STATS LLC, the world’s leading sports technology, data and content company, announced it will hold its annual FCS awards banquet in Frisco, Texas, on Jan. 8 – one night before the subdivision’s national championship game at nearby Toyota Stadium.
The banquet will take place at the Embassy Suites Frisco Dallas Hotel Convention Center and feature the handing out of five awards: the STATS FCS Offensive Player of the Year; the STATS FCS Defensive Player of the Year; the STATS FCS Coach of the Year; the STATS FCS Freshman Player of the Year; and the STATS Doris & Eddie Robinson FCS Scholar/Athlete of the Year.
Gary Reasons, an FCS football alumnus who attended Northwestern State, will emcee the ceremony. He is a member of the College Football Hall of Fame and starred at linebacker for the New York Giants during two Super Bowl-winning seasons.
“We couldn’t be happier with the way our decision to cover the FCS has turned out,” said Brian Orefice, STATS’ news director who has overseen the initiative along with longtime FCS beat writer Craig Haley and FCS operations director Phil Sokol – both of whom joined STATS following its TSN acquisition. “The leagues and schools have been incredible partners, and, by sheer luck, we entered the fray during one of the most dramatic years on the field ever.

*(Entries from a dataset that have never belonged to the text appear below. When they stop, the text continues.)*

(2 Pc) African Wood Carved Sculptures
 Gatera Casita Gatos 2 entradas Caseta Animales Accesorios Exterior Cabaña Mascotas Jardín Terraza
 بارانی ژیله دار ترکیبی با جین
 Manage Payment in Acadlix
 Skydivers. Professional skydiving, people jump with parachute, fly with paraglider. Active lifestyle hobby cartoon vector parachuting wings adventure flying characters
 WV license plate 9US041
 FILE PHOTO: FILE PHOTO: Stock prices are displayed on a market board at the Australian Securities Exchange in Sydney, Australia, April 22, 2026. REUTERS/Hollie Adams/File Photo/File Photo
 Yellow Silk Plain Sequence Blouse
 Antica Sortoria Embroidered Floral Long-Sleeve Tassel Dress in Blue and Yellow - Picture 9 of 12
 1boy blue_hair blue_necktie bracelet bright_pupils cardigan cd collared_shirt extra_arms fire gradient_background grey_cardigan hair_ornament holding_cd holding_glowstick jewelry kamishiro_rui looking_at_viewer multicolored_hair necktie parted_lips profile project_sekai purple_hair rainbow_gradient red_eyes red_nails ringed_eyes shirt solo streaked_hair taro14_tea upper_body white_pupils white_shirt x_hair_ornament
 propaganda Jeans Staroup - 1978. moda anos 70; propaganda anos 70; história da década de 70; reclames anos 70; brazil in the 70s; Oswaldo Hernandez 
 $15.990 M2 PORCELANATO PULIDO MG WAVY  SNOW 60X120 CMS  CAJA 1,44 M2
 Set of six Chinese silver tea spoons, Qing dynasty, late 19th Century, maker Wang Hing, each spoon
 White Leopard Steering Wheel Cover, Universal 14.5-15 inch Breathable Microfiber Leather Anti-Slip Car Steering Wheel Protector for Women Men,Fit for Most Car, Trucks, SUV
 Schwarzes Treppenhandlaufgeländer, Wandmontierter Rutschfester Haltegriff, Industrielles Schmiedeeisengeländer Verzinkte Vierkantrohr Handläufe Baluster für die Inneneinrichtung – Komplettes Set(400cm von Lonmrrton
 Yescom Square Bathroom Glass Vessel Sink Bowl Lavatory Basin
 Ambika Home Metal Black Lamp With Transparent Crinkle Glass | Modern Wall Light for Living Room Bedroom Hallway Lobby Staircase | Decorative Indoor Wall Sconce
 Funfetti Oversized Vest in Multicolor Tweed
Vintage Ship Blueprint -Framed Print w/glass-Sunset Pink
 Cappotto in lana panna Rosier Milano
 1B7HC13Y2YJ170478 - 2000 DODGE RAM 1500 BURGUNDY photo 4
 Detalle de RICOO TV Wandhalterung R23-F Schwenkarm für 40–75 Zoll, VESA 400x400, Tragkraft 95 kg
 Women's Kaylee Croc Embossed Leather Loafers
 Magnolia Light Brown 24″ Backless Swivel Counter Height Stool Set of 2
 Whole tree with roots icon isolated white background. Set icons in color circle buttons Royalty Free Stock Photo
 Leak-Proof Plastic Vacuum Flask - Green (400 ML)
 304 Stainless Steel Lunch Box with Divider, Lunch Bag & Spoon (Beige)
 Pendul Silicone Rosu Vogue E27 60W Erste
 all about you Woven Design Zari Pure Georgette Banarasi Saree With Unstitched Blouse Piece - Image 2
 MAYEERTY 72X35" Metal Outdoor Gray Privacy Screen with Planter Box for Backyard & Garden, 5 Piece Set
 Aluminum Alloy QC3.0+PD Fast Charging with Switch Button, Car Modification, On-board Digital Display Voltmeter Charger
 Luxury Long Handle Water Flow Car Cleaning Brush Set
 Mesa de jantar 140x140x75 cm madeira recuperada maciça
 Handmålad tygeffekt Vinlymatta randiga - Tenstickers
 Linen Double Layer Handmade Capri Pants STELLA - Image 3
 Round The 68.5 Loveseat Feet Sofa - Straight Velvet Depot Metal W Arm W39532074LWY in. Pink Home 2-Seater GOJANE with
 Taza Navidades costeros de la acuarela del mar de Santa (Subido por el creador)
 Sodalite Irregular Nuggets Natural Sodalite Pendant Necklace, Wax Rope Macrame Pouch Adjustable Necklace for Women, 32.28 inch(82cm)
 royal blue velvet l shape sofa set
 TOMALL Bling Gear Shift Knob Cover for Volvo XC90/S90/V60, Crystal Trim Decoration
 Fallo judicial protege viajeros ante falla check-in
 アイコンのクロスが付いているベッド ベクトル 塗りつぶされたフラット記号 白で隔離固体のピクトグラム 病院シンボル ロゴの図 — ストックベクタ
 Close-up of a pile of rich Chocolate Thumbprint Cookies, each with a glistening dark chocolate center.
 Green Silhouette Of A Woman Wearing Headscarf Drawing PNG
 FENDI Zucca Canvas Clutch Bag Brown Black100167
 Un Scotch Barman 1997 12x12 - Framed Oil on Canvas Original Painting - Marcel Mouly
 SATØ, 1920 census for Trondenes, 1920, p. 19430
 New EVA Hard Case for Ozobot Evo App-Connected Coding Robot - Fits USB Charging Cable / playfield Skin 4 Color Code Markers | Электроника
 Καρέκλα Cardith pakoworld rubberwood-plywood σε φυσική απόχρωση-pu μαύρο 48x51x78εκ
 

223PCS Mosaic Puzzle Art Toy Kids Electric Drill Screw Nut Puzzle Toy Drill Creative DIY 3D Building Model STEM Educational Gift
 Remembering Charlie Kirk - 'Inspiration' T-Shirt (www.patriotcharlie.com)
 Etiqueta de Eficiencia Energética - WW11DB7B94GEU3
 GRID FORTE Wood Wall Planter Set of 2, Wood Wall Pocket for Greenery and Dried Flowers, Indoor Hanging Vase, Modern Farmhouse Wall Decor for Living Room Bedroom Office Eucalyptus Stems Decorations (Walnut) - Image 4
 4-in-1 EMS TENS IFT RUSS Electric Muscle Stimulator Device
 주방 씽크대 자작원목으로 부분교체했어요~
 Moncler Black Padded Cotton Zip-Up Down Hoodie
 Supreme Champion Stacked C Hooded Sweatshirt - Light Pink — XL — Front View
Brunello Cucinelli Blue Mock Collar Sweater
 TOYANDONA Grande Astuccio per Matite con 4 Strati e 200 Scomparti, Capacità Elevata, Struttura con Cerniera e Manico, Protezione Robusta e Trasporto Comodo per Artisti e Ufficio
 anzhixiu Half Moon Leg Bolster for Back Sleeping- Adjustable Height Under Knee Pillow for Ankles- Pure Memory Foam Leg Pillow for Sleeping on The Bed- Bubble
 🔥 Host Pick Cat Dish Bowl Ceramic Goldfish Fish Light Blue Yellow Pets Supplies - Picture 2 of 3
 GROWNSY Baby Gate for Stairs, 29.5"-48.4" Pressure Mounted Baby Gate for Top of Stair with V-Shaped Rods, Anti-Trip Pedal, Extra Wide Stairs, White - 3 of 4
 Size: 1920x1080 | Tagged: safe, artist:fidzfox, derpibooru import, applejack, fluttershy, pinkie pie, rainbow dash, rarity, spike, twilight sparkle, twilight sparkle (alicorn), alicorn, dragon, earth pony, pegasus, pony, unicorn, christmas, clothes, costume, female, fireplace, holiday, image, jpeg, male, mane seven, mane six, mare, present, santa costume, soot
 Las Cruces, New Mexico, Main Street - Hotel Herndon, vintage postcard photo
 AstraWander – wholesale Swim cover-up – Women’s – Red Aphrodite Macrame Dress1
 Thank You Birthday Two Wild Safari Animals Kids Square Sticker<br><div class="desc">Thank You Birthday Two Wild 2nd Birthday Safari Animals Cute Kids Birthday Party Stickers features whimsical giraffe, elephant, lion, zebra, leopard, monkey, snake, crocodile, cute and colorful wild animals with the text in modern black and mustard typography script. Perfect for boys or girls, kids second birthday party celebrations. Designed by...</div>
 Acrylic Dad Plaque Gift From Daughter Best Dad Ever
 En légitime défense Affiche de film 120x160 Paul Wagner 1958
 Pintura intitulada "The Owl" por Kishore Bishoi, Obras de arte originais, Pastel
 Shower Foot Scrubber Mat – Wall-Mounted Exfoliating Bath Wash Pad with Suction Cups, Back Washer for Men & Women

We hope this awards banquet can somehow come close to replicating the excitement of the season.”
A trio of big-name quarterbacks – Villanova’s John Robertson, North Dakota State’s Carson Wentz and James Madison’s Vad Lee – had premature ends to promising regular seasons, leaving the Offensive Player of the Year race wide open.
Offensive, Defensive, Freshman and Coaching awards will be handed out during the ceremony. In addition to the freshman and coach recipients, three finalists apiece will be invited to Frisco for the announcement of the Offensive and Defensive awards.
The other honor to be handed out is associated with FCS royalty.
In conjunction with the family of Eddie Robinson, STATS has named its academic achievement award in fitting tribute to the longtime Grambling coach and his wife Doris, a former teacher and the renowned matriarch of Grambling athletics, who died in September at the age of 96. Robinson won 408 games at the school – the most for a football coach at the time of his 1997 retirement – before passing away 10 years later.
“The family of Doris and Coach Eddie Robinson is respectfully honored to have STATS name its academic achievement award in tribute to a couple who together emphasized higher education as an expected parallel with athletics,” said Eddie Robinson III, grandson of Grambling’s first family.